“Investigate strange oddities in Ornament Express, where you’re hired to recover your client’s belongings from an eccentric thief and his train of stolen artifacts. Explore a cabinet of curiosities throughout the train, visit carts holding odd puzzles, odder objects, and find hidden away secrets.”
Hop aboard Ornament Express, a Virtual Reality puzzle game, where you take the role of a Private Investigator in the 1900’s in Switzerland.
You’ve been hired by your client after a crime streak saw her valuable curio stolen. The trail this eccentric thief left behind leads you to a train, filled with stolen artefacts and mysterious items. Can you find the client’s stolen goods?
In this game you’re tasked with sneaking through a moving cabinet of curiosity, the hideout of a fanatic thief obsessed with the strange and weird, looking for what he stole from your client. Stuck behind a series of puzzles and locked in the train, you’ll have to rummage through drawers and clutter, solve the puzzles laid out in the carts and codes to continue progressing through this strange hoard of bits and bobbles.
Find all the ways in which you can create chaos in the once pristine train cart, messing up the hideout of the thief as much as you can! Pull open drawers, scatter papers around and play with the many souvenirs the thief has collected. The train becomes a captivating playground of disorder, showcasing the aftermath of your relentless pursuit to recover the client’s precious curio.
Ornament Express is a VR puzzle game inspired by entertainment media such as The Polar Express and Murder on the Orient Express. This project took 9 months to develop and was made by a team of 18.
18 Developers
9 months
Developed in Unreal Engine 5, Released on Steam
As for my personal roles and responsibilities within the team, I was the only level designer for the majority of the project’s duration, as well as QA lead and one of the more prominent testers. I was also in charge of playtesting for some time.
During the concept phase, I was in charge of sketching out gameplay moments, as well as designing the main puzzle of our first playable.
During the pre-production phase, I was in charge of creating the initial layout and overall player experience of the first level, also known as the nature cart. Sometime in development, the idea of a second cart was pitched. I also ended up being in charge of this cart and its design. However, due to me being the only level designer on the team at the time, and being unable to work on two carts at once, the second cart, also known as the Space cart, had to be scrapped. It was unfortunately never brought back, but did manage to reach a state of playability. It just never got to the point where we felt like it reached the same, or at the very least a similar level of quality as the Nature cart. Quality standards are there for a reason.

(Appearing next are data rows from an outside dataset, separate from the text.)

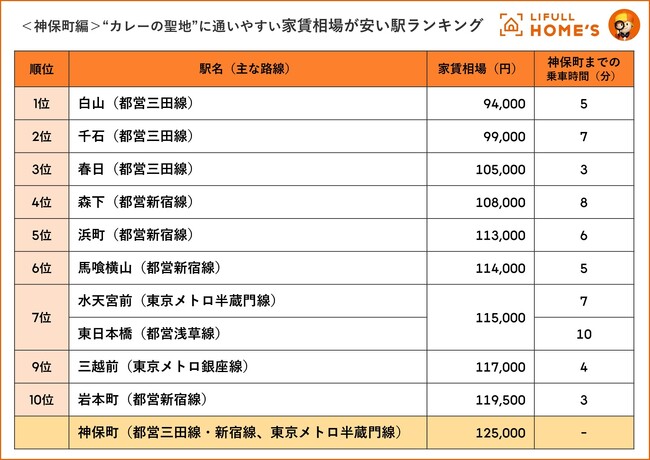 LIFULL HOME'Sが“カレーの聖地”まで10分以内の家賃が安い駅ランキングを発表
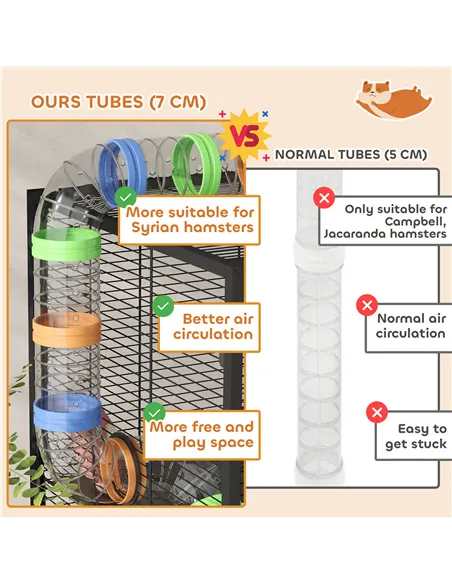 PawHut 5 Tier Large Hamster Cage on Wheels with 17 cm Deep Tray, Storage Shelf for Syrian, Gerbil, Rats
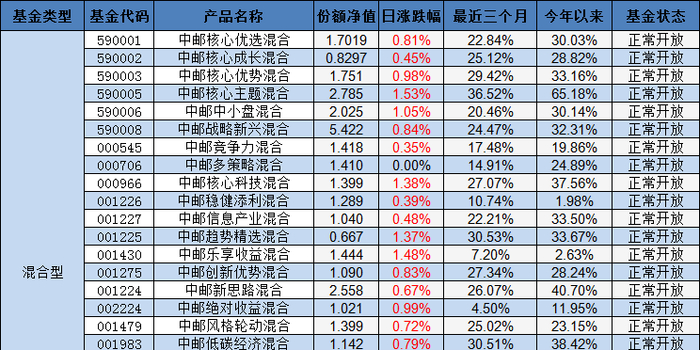 球速体育- 球速体育官方网站- 球速体育APP下载银华基金公司应该解决目前银华富裕基金管理的状态---让基民失望。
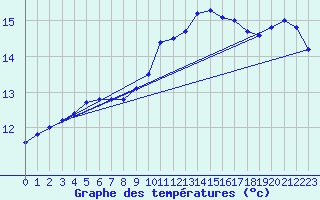 Courbe de tempratures pour Landivisiau (29)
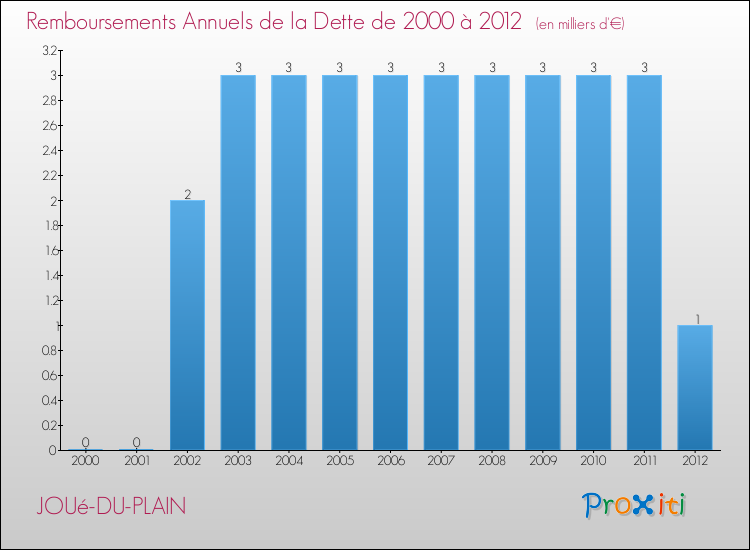 Evolution de l'annuité de la dette pour la commune de JOUé-DU-PLAIN de 2000 à 2012 Annuités de la dette pour JOUé-DU-PLAIN de 2000 à 2012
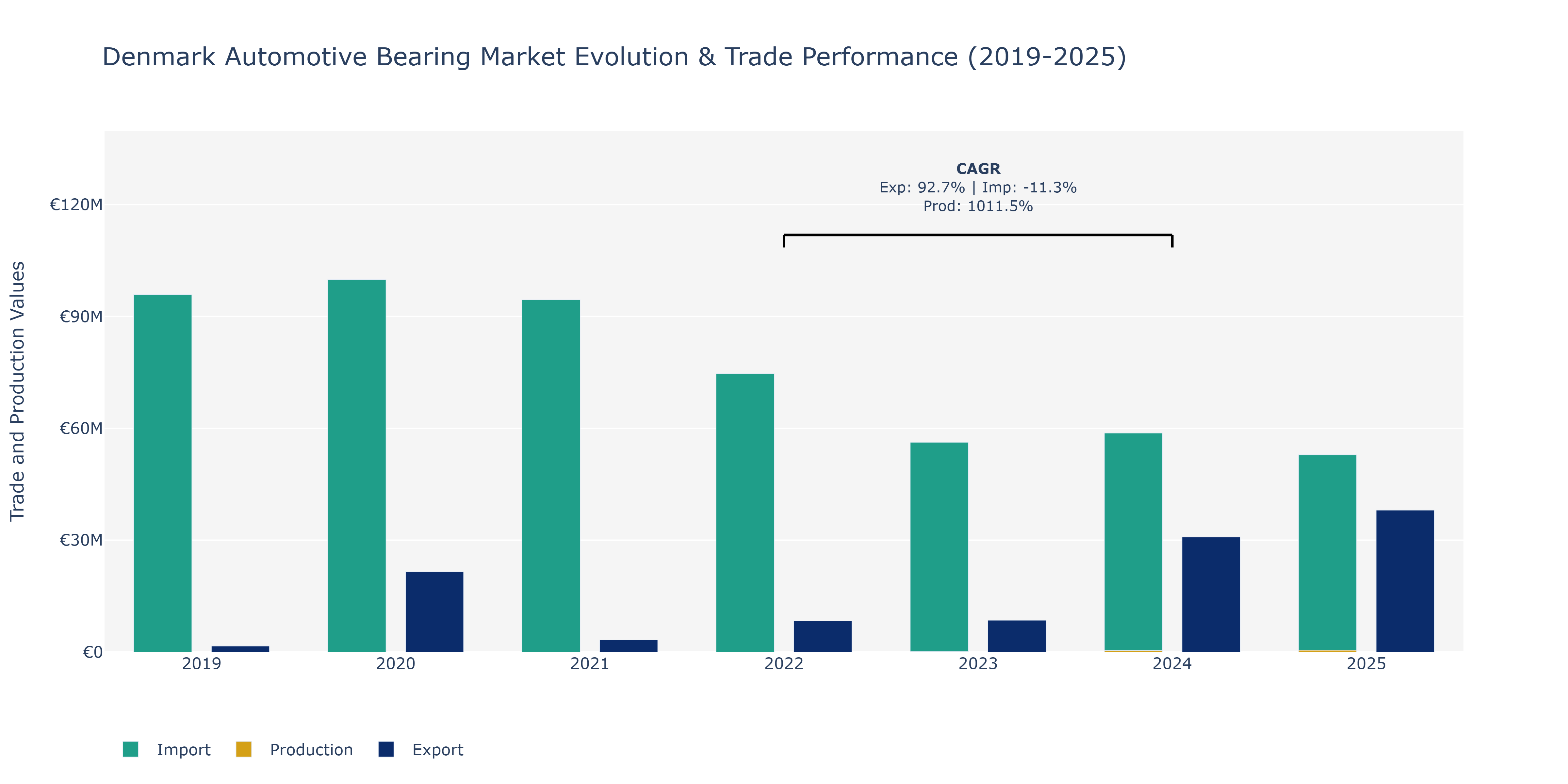 Denmark Automotive Bearing Market: Production & Trade Performance (2019-2025)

During the production phase, I was in charge of rehashing the Nature cart. This is also where my duties as QA lead really started to take off. For example, I created a handful of templates for the team to fill out, one of which being a bug reporting template, and onboarded them onto the idea of reporting bugs and issues as they come by. I also created a massive test plan for me and the other qa lead to go through on a weekly basis. This involved us testing every single aspect of the game, going over things like functionality, performance and visuals.
During the release phase, I essentially became full-time QA tester. This meant no more level design and thus, more time to test and make sure the game lives up to our quality standards. During this time, I ran full test plans three times a week, created automated tests, helped fix emergent bugs and helped create presentable builds for the public to enjoy. Achievements were also added during this time, which also had to be tested continuously.
To get right into things, this is Ornament Express’ functionality test plan. It covers 99% of what a player is able to do, see and interact with in the game. This means a wide range of collision checks, functionality checks, (audio)visual checks, lighting checks, spelling checks, and so on. It was updated almost every day, covering both major and minor updates, and was used 2 to 3 times a week once production had started
As time went on, I started onboarding the rest of the team onto its usage. This meant being able to delegate certain sections of it to other people–taking some of the workload off my shoulders–as well as having a second pair of eyes ready for whenever I inevitably made a mistake or ended up missing something.
During these testing sessions, I’d take notes and grade the game’s/build’s individual components based on what state they were in at the time. This ranged anywhere from “Missing” to “Presentable”. More importantly, this allowed me to create tasks for the rest of the team. An example: “As a result of yesterday’s functionality testing, I can conclude that the door at the end of the Nature cart does not open after solving the final puzzle.” This bit of collaboration between me and the dev team allowed for quick and easy fixes, as well as constant line of collaboration and communication between QA and the rest of the team.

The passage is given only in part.